VM is configured as follows
-XX:MaxPermSize=300M -Xms2560M -Xmx2560M -Xloggc:/app/log/gc-admin-20120619-123754.log -verbose:gc -XX:+PrintGCTimeStamps -XX:+PrintGCDetails -XX:+UseConcMarkSweepGC -XX:CMSInitiatingOccupancyFraction=80 -XX:+DisableExplicitGC -XX:CMSMaxAbortablePrecleanTime=8000
Two options which i have missed and will be applied are XX:PermSize - Should be the same as MaxPermSize (recommended) UseCMSInitiatingOccupancyOnly when CMSInitiatingOccupancyFraction is used, otherwise the value you specify does not stick!!
However with these changes in the pipleline im not so confident it will solve my problem.
Im seeing concurrent mode failures but when a failure happens, the stop the world collection takes an eternity. At the moment im a bit bemused to as to why!!
Here are some samples
168427.476: [GC [1 CMS-initial-mark: 2135988K(2578880K)] 2141041K(2617216K), 3.1029210 secs] [Times: user=0.02 sys=0.01, real=3.10 secs] 168430.596: [CMS-concurrent-mark-start] 168441.309: [GC 168441.309: [ParNew: 36520K->36520K(38336K), 0.0000210 secs]168441.309: [CMS168747.453: [CMS-concurrent-mark: 309.313/316.857 secs] [Times: user=5.75 sys=2.89, real=316.81 secs] (concurrent mode failure): 2561882K->1310927K(2578880K), 767.0309740 secs] 2598402K->1310927K(2617216K), [CMS Perm : 96774K->96171K(158792K)], 767.0379030 secs] [Times: user=3.87 sys=5.06, real=766.92 secs]

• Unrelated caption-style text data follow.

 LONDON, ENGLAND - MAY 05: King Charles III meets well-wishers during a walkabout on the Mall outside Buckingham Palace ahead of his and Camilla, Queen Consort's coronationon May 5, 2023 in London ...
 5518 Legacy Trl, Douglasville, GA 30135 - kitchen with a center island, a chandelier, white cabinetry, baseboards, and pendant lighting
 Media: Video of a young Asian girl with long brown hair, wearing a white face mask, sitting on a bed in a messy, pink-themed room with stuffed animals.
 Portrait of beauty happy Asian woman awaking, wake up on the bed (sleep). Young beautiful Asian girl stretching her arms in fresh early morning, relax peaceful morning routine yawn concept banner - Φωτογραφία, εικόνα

What worries me about the whole STW collection is the timing 766.92secs but only "user=3.87 sys=5.06" of CPU time so what is happening here for the rest of the time?? This is where im puzzled, i cant imagine that stopping all threads in the app takes that long!! Thrashing maybe??

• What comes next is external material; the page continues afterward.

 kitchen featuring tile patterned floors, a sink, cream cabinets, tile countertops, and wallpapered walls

169545.325: [GC [1 CMS-initial-mark: 2141069K(2578880K)] 2166025K(2617216K), 0.0530140 secs] [Times: user=0.05 sys=0.00, real=0.06 secs] 169545.379: [CMS-concurrent-mark-start] 169558.635: [CMS-concurrent-mark: 10.407/13.256 secs] [Times: user=7.58 sys=0.53, real=13.25 secs] 169558.635: [CMS-concurrent-preclean-start] 169558.684: [CMS-concurrent-preclean: 0.048/0.048 secs] [Times: user=0.01 sys=0.00, real=0.05 secs] 169558.684: [CMS-concurrent-abortable-preclean-start] 169560.544: [GC 169560.544: [ParNew169560.605: [CMS-concurrent-abortable-preclean: 0.210/1.921 secs] [Times: user=0.93 sys=0.05, real=1.92 secs] 169560.846: [GC[YG occupancy: 1906 K (38336 K)]169560.846: [Rescan (parallel) , 0.0046910 secs]169560.851: [weak refs processing, 0.0000990 secs] [1 CMS-remark: 2350428K(2578880K)] 2352335K(2617216K), 0.0048570 secs] [Times: user=0.01 sys=0.00, real=0.01 secs] 169560.853: [CMS-concurrent-sweep-start] 169568.204: [CMS-concurrent-sweep: 7.351/7.351 secs] [Times: user=0.91 sys=0.09, real=7.34 secs] 169568.204: [CMS-concurrent-reset-start] 169568.211: [CMS-concurrent-reset: 0.007/0.007 secs] [Times: user=0.01 sys=0.00, real=0.01 secs]
This one shows no problems
252247.318: [GC [1 CMS-initial-mark: 2069401K(2578880K)] 2075094K(2617216K), 1.5311840 secs] [Times: user=0.01 sys=0.00, real=1.53 secs] 252248.849: [CMS-concurrent-mark-start] 252350.336: [GC 252350.336: [ParNew: 20984K->4222K(38336K), 12.2251190 secs]252362.561: [CMS252520.780: [CMS-concurrent-mark: 161.376/271.922 secs] [Times: user=12.56 sys=1.72, real=271.89 secs] (concurrent mode failure): 2232372K->1061586K(2578880K), 407.2310250 secs] 2240205K->1061586K(2617216K), [CMS Perm : 97525K->97381K(160480K)], 419.4586450 secs] [Times: user=4.23 sys=2.99, real=419.39 secs]
And then another whopper "Times: user=4.23 sys=2.99, real=419.39 secs". CPU time is minor "user=4.23 sys=2.99" but overall time is "419.39". What could cause the VM to hang for so long?? 2.5g should ideally be collected in a STW collection under 10secs!!
Im going to lower the threshold CMSInitiatingOccupancyFraction but i dont think with a collections time like that it is going to help!! Some collections run smooth and some dont but like i said, its the timing that has me worried when a full stop the world happens.
I have read https://blogs.oracle.com/jonthecollector/entry/what_the_heck_s_a
And we are using jdk6.
Anybody ever experience something similar before?